• Prompt
Below are the records; repeat exactly their lines between the line holding "Nuovo Amazon Kindle" and the line holding "Remanufactured Lexmark 4", inclusive, skipping the pictures.

• Records for the task
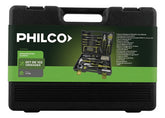 Set De Herramientas Manuales 102 Piezas Philco Psh102ve1p Negro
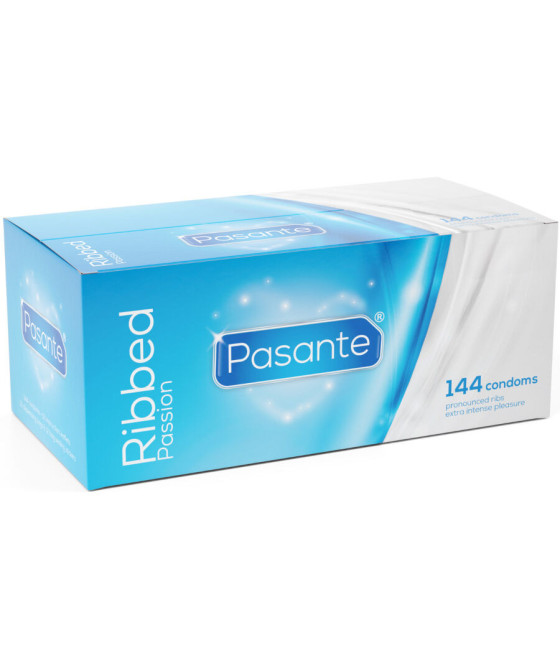 PASANTE - PRESERVATIVI RIBBED PASSION SCATOLA 144 UNIT?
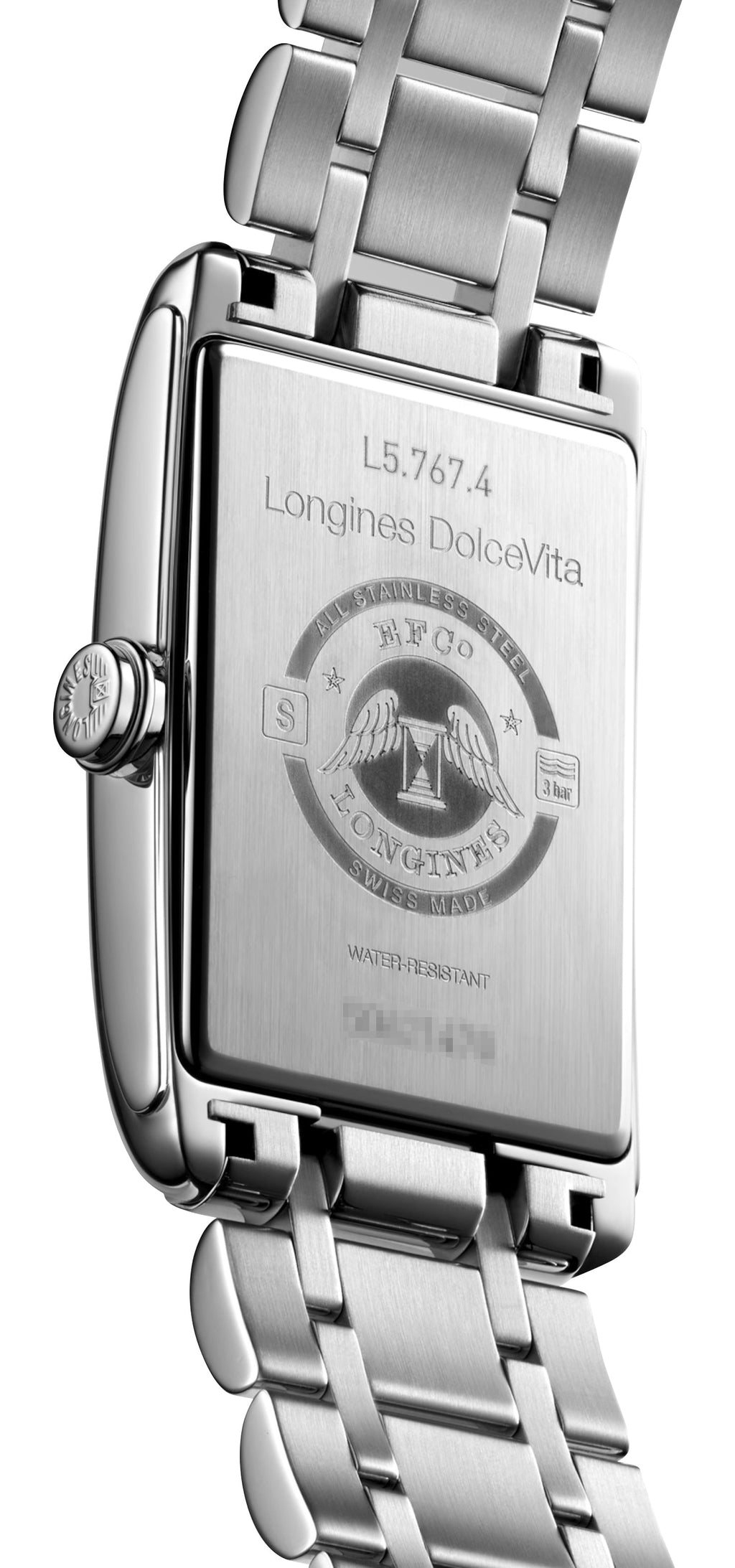 Longines DolceVita Automatic Stainless Steel Silver Dial Date Mens Watch L5.767.4.73.6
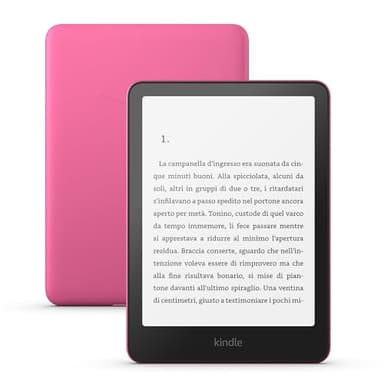 Nuovo Amazon Kindle Paperwhite (16 GB) | Il nostro Kindle più veloce di sempre, nuovo schermo antiriflesso da 7’’, la batteria dura settimane | Con pubblicità | Rosa lampone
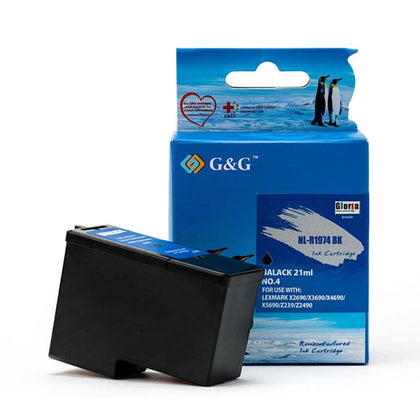 Remanufactured Lexmark 4 18C1974 Black Ink Cartridge - G&G™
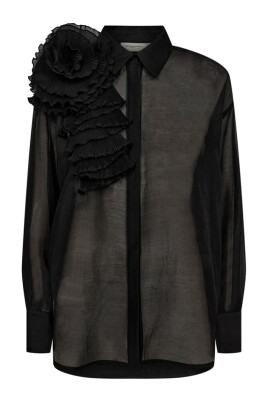 sheer-bell-blus-med-plisserad-blomma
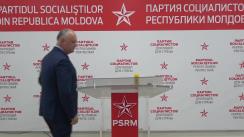 Briefing de presă cu tema „Poziția PSRM față de situația din Bălți”
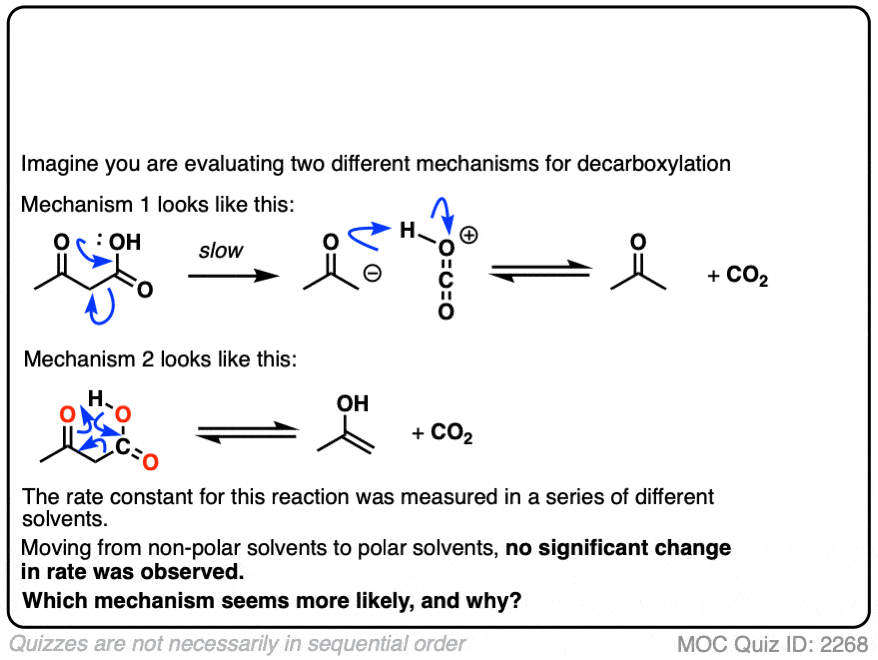 acid catalyzed decarboxylation mechanism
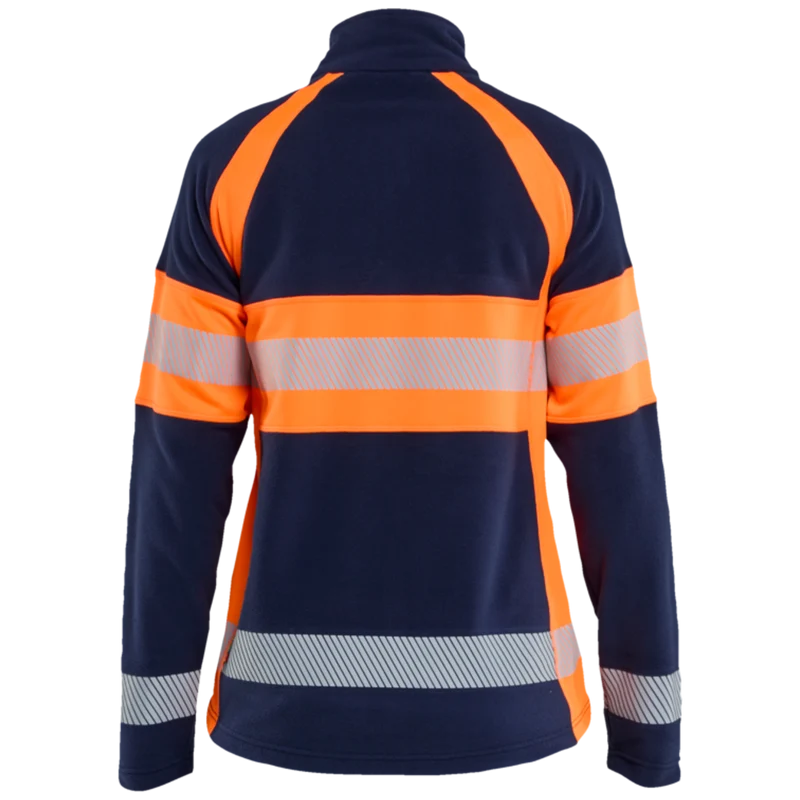Blaklader Dames Microfleecevest High Vis CL.1 4718-1010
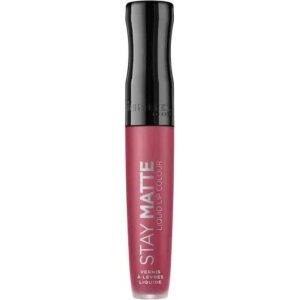 68 رژ لب مایع مات Rimmel Stay Matte – شماره 210 Rose and Shine (5.5ml)
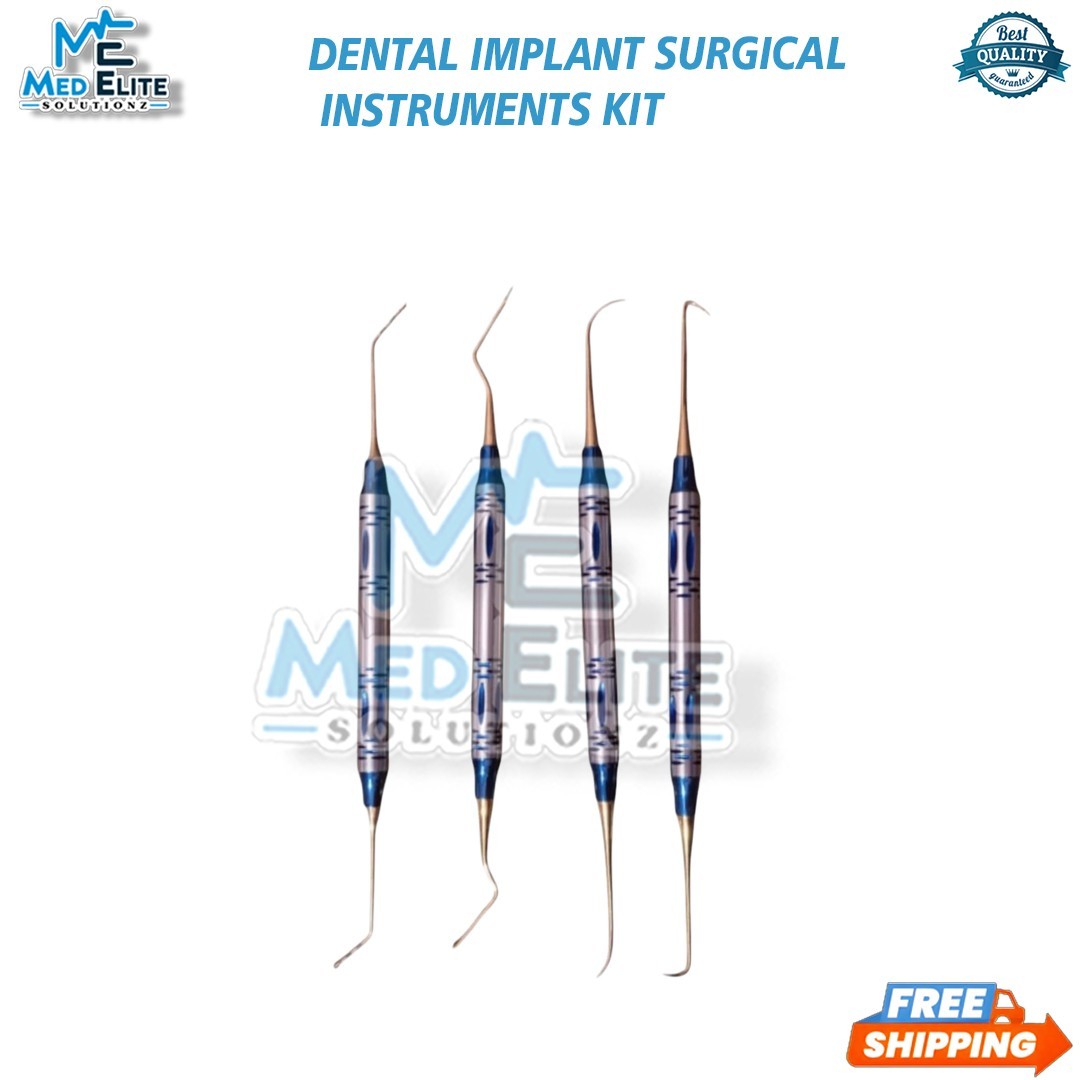 Dental Implant Surgical Instruments Kit 32 Pcs and 8 sets of Sinus Lift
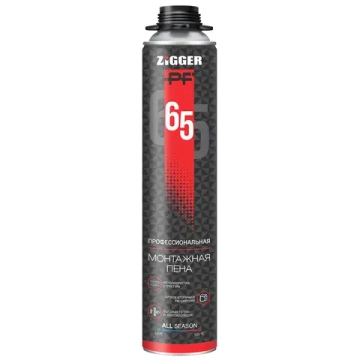 ZIGGER PF Пена монтажная проф. 65л всесезонная 850мл (KIM TEC)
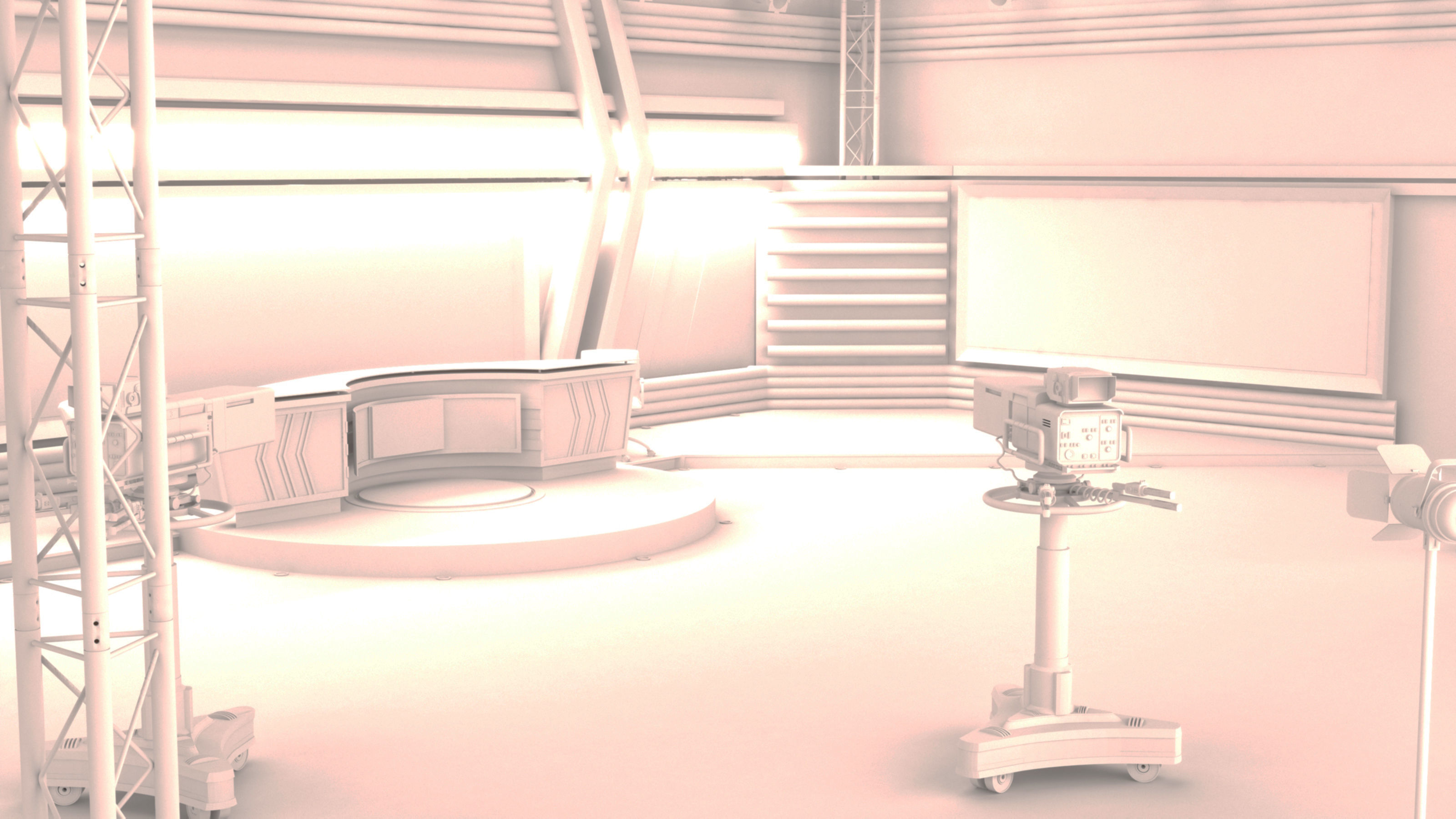 TV Live Studio 3D model_34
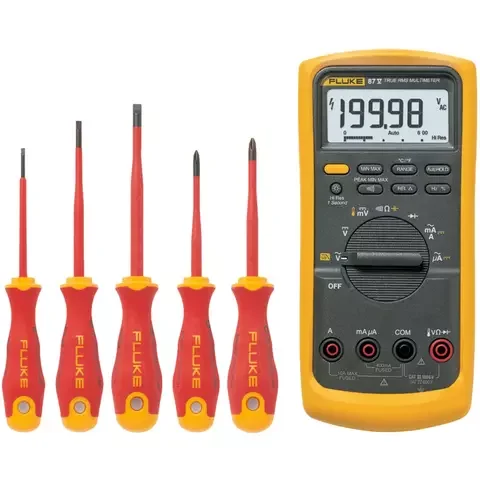 Мультиметр Fluke 87V, ІВ875М +5 діелектричних викруток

• Answer area
 Nuovo Amazon Kindle Paperwhite (16 GB) | Il nostro Kindle più veloce di sempre, nuovo schermo antiriflesso da 7’’, la batteria dura settimane | Con pubblicità | Rosa lampone
 Remanufactured Lexmark 4 18C1974 Black Ink Cartridge - G&G™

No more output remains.